SOURCE INFORMATION START

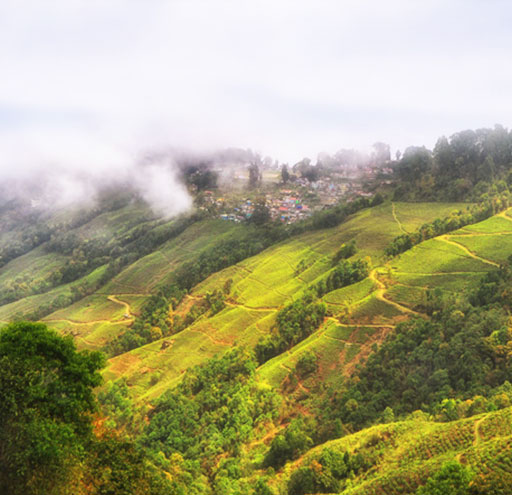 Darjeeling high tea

SOURCE INFORMATION END
SOURCE INFORMATION START

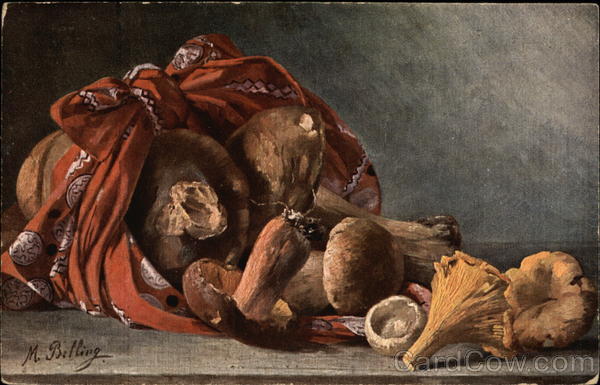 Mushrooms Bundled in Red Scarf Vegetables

SOURCE INFORMATION END
SOURCE INFORMATION START

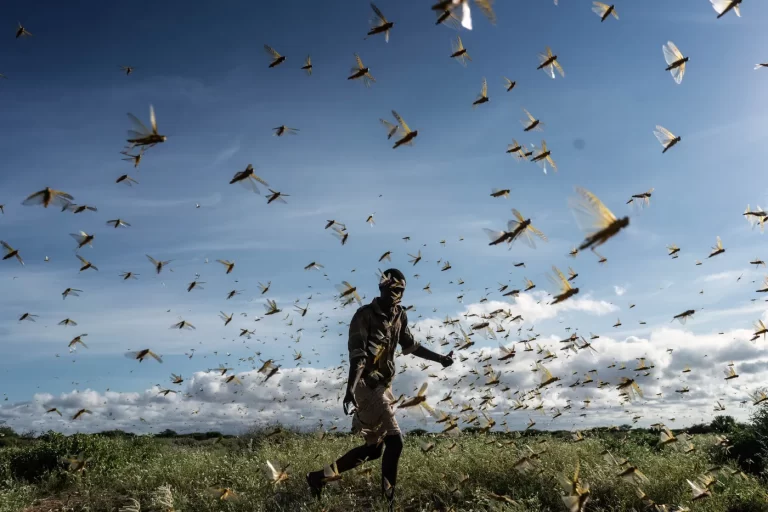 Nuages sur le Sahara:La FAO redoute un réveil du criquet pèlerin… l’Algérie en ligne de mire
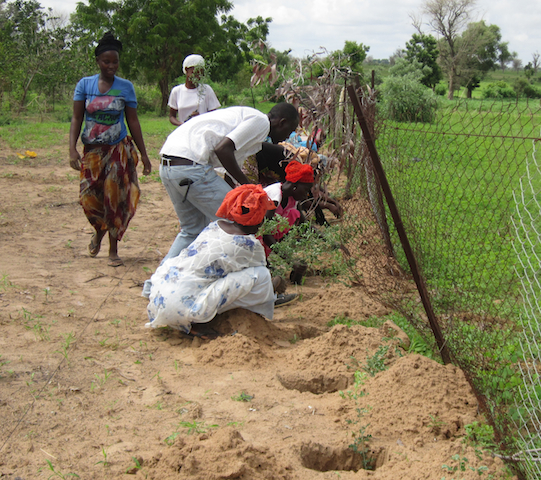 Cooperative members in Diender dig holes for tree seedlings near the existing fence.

SOURCE INFORMATION END

### ABOUT THIS EXERCISE
Copy needed, without pictures: the lines of the listing above from the line containing "Nuages sur le" up to and including the line containing "Cooperative members in", set down exactly.

### ANSWER BOX
 Nuages sur le Sahara:La FAO redoute un réveil du criquet pèlerin… l’Algérie en ligne de mire
 Cooperative members in Diender dig holes for tree seedlings near the existing fence.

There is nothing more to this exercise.